Corrensite and mixed-layer chlorite/corrensite in metabasalt from northern Taiwan: TEM/AEM, EMPA, XRD, and optical studies

Many chloritic minerals in low-grade metamorphic or hydrothermally altered mafic rocks exhibit abnormal optical properties, expand slightly upon glycolation (“expandable chlorite”) and/or have excess AlVI relative to AlIV, as well as significant Ca, K and Na contents. Chloritic minerals with these properties fill vesicles and interstitial void space in low-grade metabasalt from northern Taiwan and have been studied with a combination of TEM/AEM, EMPA, XRD, and optical microscopy. The chloritic minerals include corrensite, which is an ordered 1:1 mixed-layer chlorite/smectite, and “expandable chlorite”, which is shown to be a mixed-layer chlorite/corrensite. Corrensite and some mixed-layer chlorite/corrensite occur as rims of vesicles and other cavities, while later-formed mixed-layer chlorite/corrensite occupies the vesicle cores. The TEM observations show that the mixed-layer chlorite/corrensite has ca. 20%, and the corrensite has ca. 50% expandable smectite-like layers, consistent with XRD observations and with their abnormal optical properties. The AEM analyses show that high Si and Ca contents, high AlVI/AlIV and low FeVI/(Fe+Mg)VI ratios of “chlorites” are correlated with interstratification of corrensite (or smectite-like) layers in chlorite. The AEM analyses obtained from 200–500 Å thick packets of nearly pure corrensite or chlorite layers always show that corrensite has low AlIV/SiIV and low FeVI/(Fe+Mg)VI, while chlorite has high AlIV/SiIV and high FeVI/(Fe+Mg)VI. This implies that the trioctahedral smectite-like component of corrensite has significantly lower AlIV/SiIV and FeVI/(Fe+Mg)VI. The ratios of FeVI/(Fe+Mg)VI and AlIV/SiIV thus decrease in the order chlorite, corrensite, smectite.

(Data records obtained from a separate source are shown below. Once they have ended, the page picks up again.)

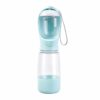 3-in-1 Portable Pet Water & Food Bottle with Poop Bag Dispenser for Dogs and Cats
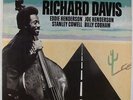 Richard Davis - Way Out West LP - Muse VG+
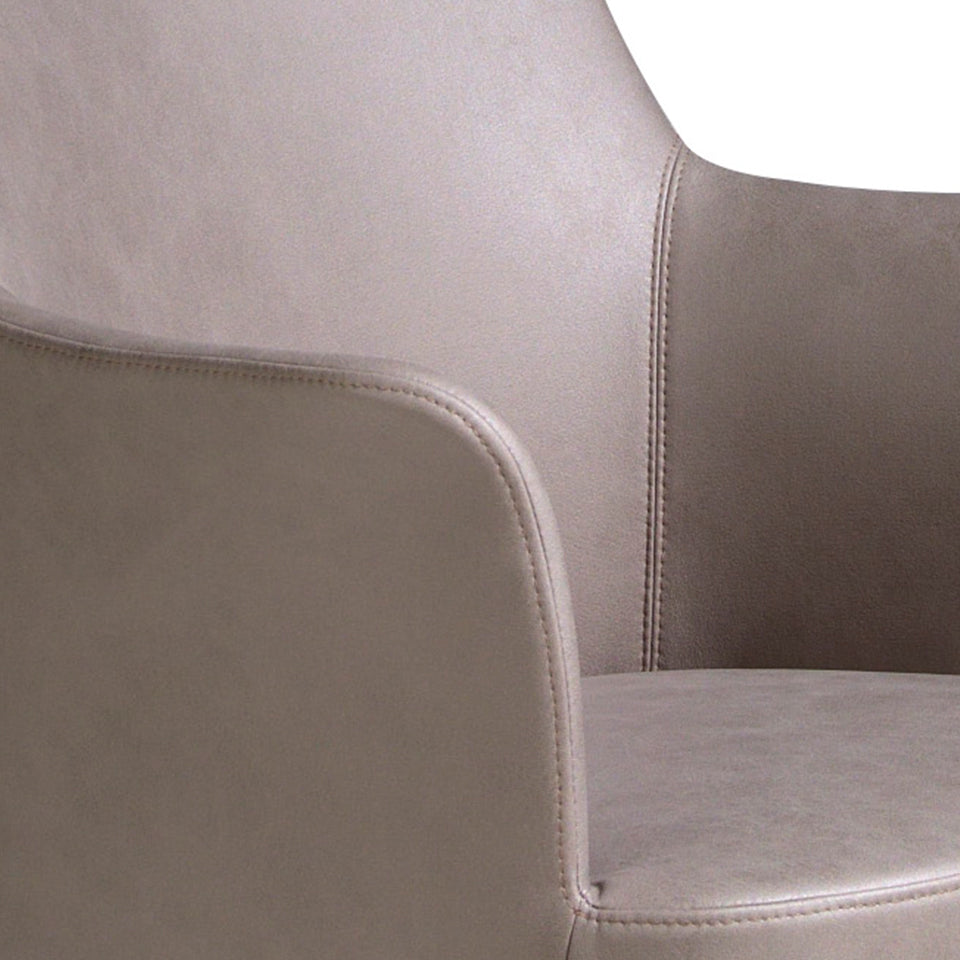 Scaun Tapitat cu Material Textil Mink Angel Cerda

The proportions of corrensite (or smectite-like) layers relative to chlorite layers in low-grade rocks are inferred to be controlled principally by Fe/Mg ratio in the fluid or the bulk rock and by temperature. Compositional variations of “chlorites” in low-grade rocks, which appear to correlate with temperature or metamorphic grade, more likely reflect variable proportions of mixed-layered components. The assemblages of trioctahedral phyllosilicates tend to occur as intergrown discrete phases, such as chlorite-corrensite, corrensite-smectite, or chlorite-corrensite-smectite. A model for the corrensite crystal structure suggests that corrensite should be treated as a unique phase rather than as a 1:1 ordered mixed-layer chlorite/smectite.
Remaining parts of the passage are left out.